• _TASK STATEMENT_: Your job is to print, exactly, the lines in the data below from the line with "Ranger Reject Chapter" through the line with "Aka-chan Seijin vs", both included, and to omit any picture.

• _GIVEN RECORDS_:
[Start of Attachment]

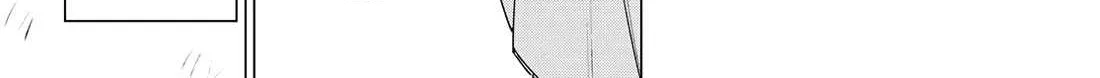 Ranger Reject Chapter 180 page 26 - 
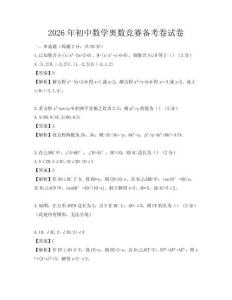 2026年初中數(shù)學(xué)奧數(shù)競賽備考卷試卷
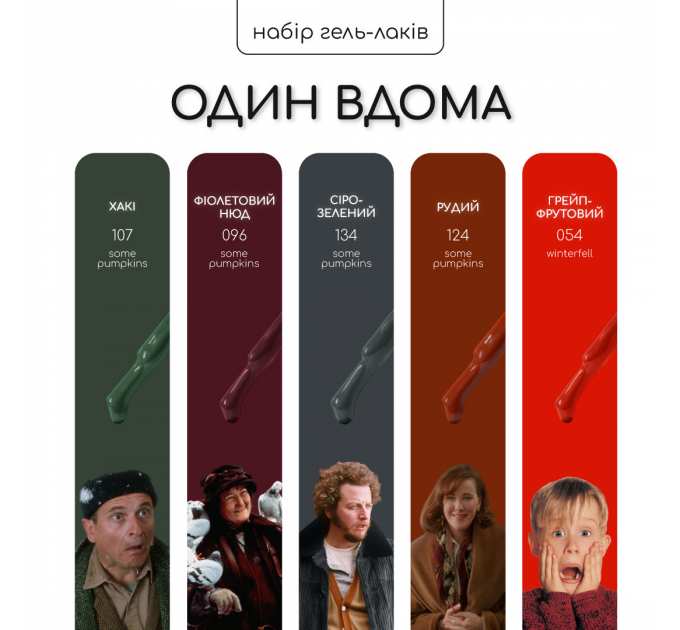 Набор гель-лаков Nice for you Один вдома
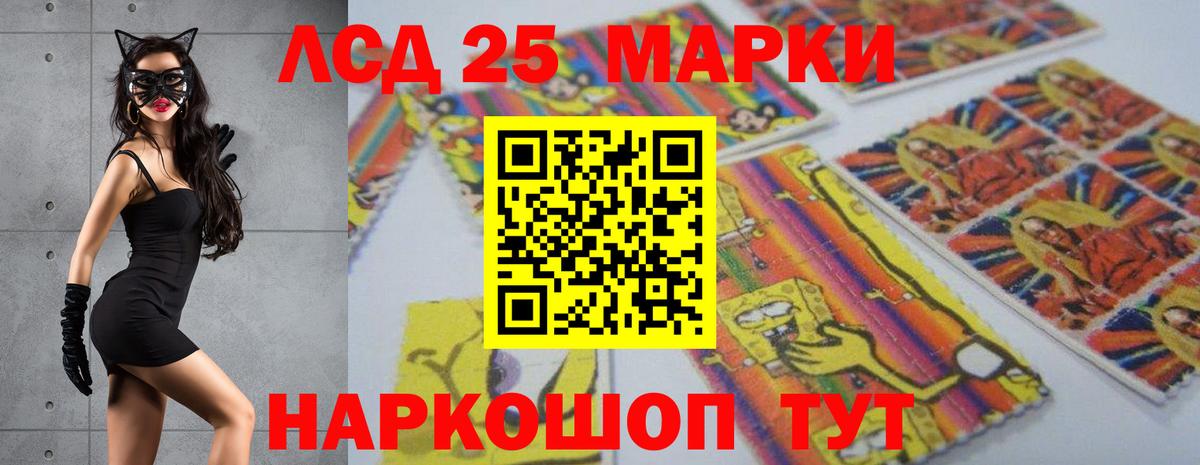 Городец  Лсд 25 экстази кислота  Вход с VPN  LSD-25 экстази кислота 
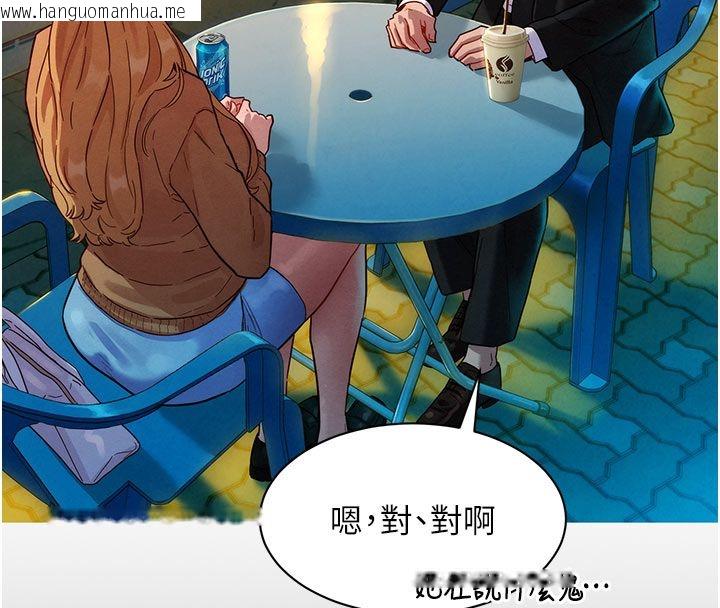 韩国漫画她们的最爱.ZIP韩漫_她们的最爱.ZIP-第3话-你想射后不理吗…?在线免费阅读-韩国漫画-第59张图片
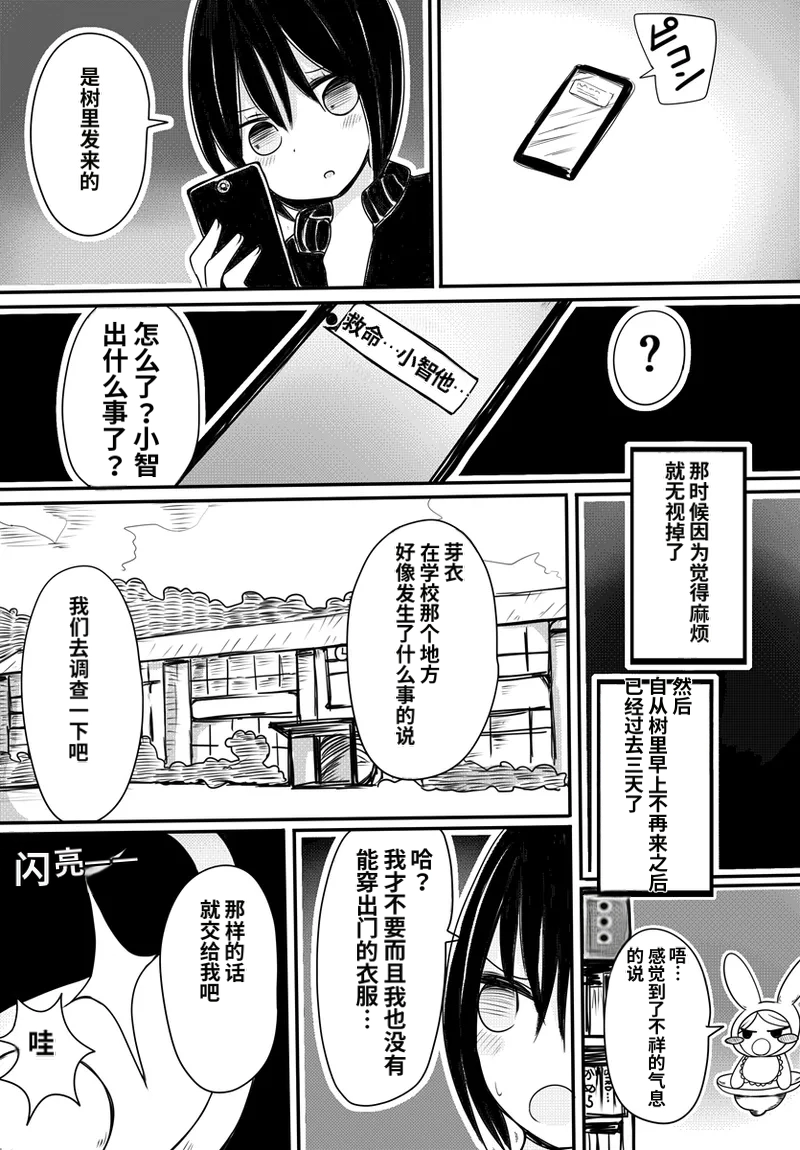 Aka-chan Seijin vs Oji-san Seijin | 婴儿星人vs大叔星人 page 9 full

[End of Attachment]
[Start of Attachment]

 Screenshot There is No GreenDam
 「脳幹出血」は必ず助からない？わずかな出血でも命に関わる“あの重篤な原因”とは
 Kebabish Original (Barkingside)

[End of Attachment]
[Start of Attachment]

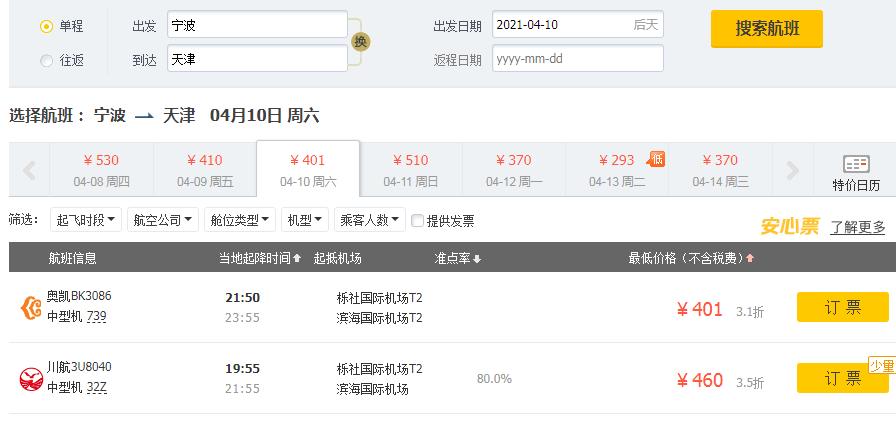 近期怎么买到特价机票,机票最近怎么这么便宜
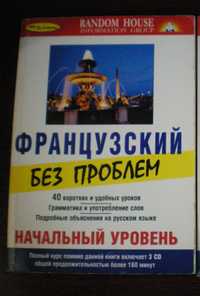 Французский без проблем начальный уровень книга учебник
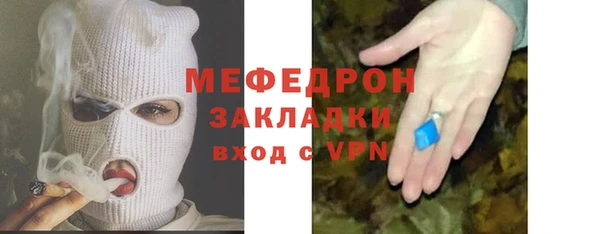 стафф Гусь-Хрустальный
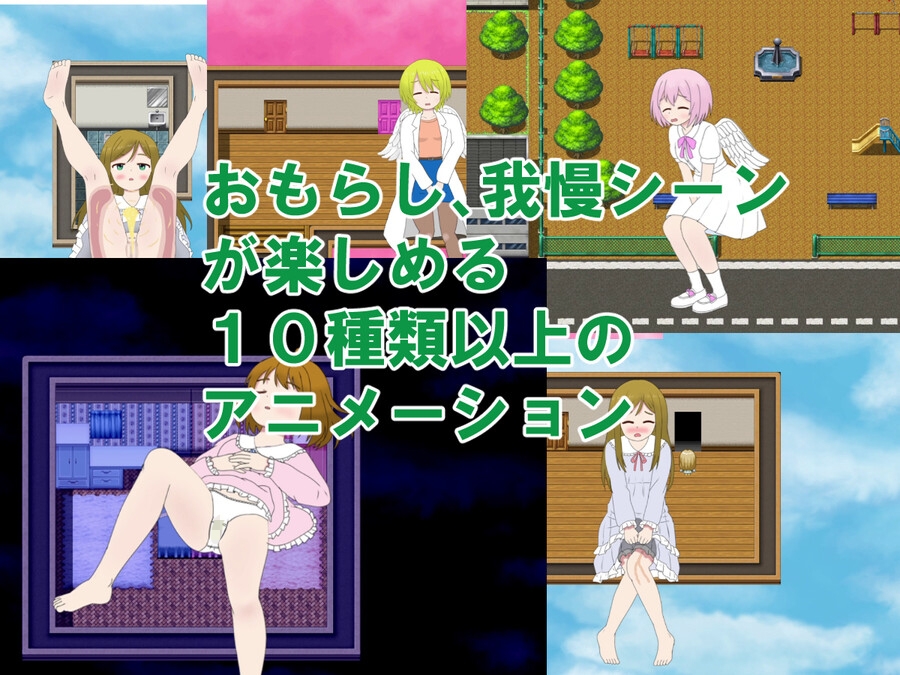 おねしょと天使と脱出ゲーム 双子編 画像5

[End of Attachment]

• _FINISHED EXERCISE_:
 Ranger Reject Chapter 180 page 26 - 
 2026年初中數(shù)學(xué)奧數(shù)競賽備考卷試卷
 Набор гель-лаков Nice for you Один вдома
 Городец  Лсд 25 экстази кислота  Вход с VPN  LSD-25 экстази кислота 
 韩国漫画她们的最爱.ZIP韩漫_她们的最爱.ZIP-第3话-你想射后不理吗…?在线免费阅读-韩国漫画-第59张图片
 Aka-chan Seijin vs Oji-san Seijin | 婴儿星人vs大叔星人 page 9 full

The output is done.